= Problem description =
For this exercise, an exact copy is needed of only the lines from the one containing "mailchimp-logo" through the end of the data, with pictures left out.

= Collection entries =
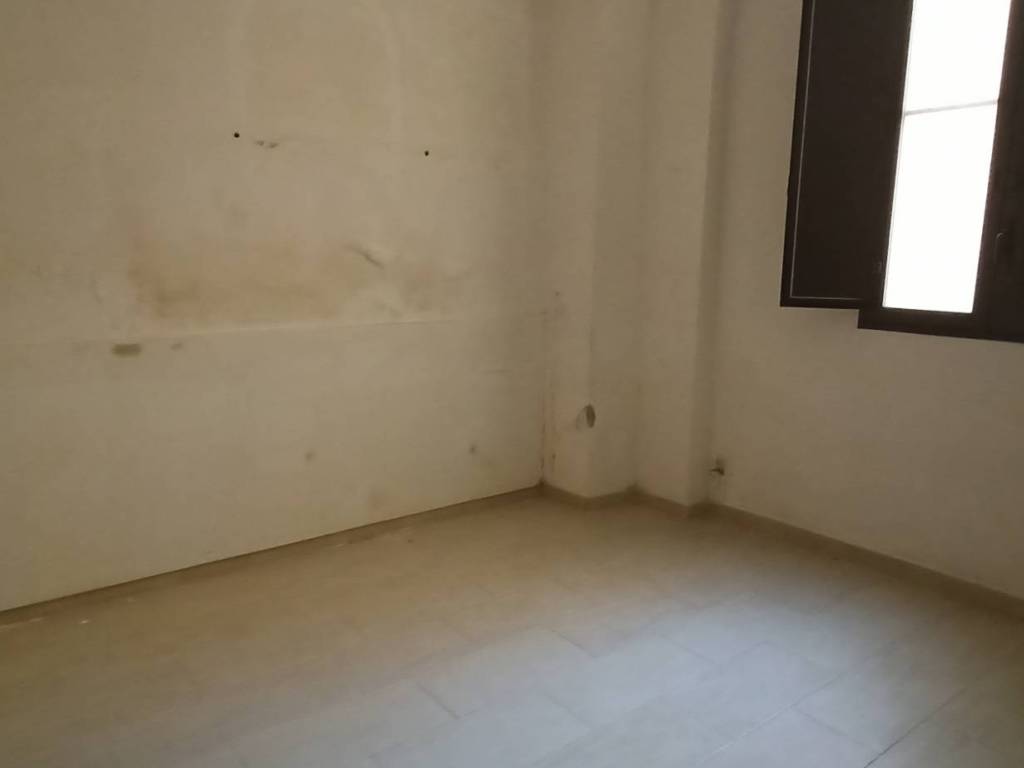 Immobile a Trapani in Via Vespri - Foto 2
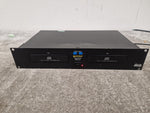 Gemini CD-9500PRO 3 - Professional Dual CD Player, Pitch Control - Good - Image 22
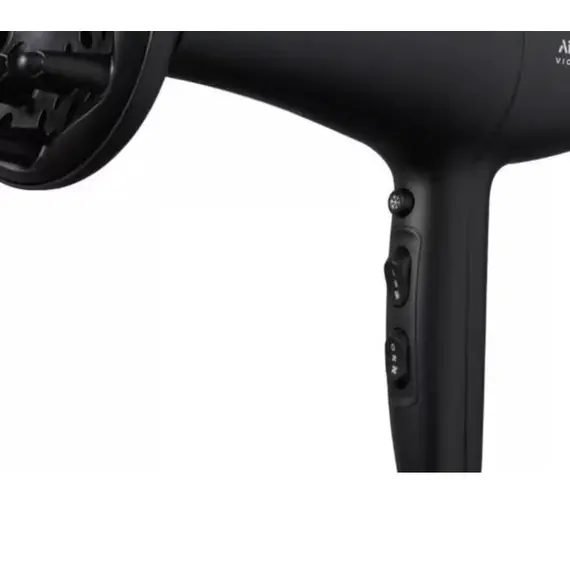თმის საშრობი Ardesto HD-Y222PRO - Primestore.ge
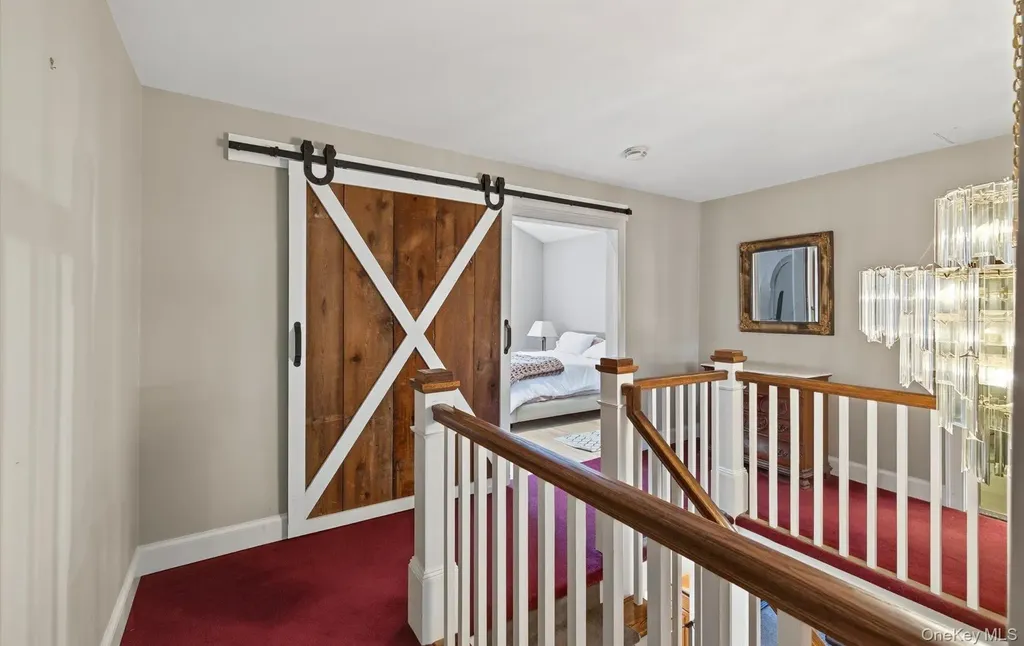 110 Florida Avenue Commack NY 11725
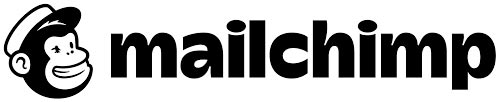 mailchimp-logo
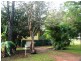 4 Goolagong Street, Russell Island QLD 4184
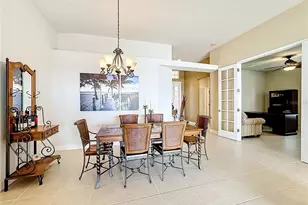 23156 Copperleaf Dr, Venice, FL 34293 - Photo 13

= Solution to the problem =
 mailchimp-logo
 4 Goolagong Street, Russell Island QLD 4184
 23156 Copperleaf Dr, Venice, FL 34293 - Photo 13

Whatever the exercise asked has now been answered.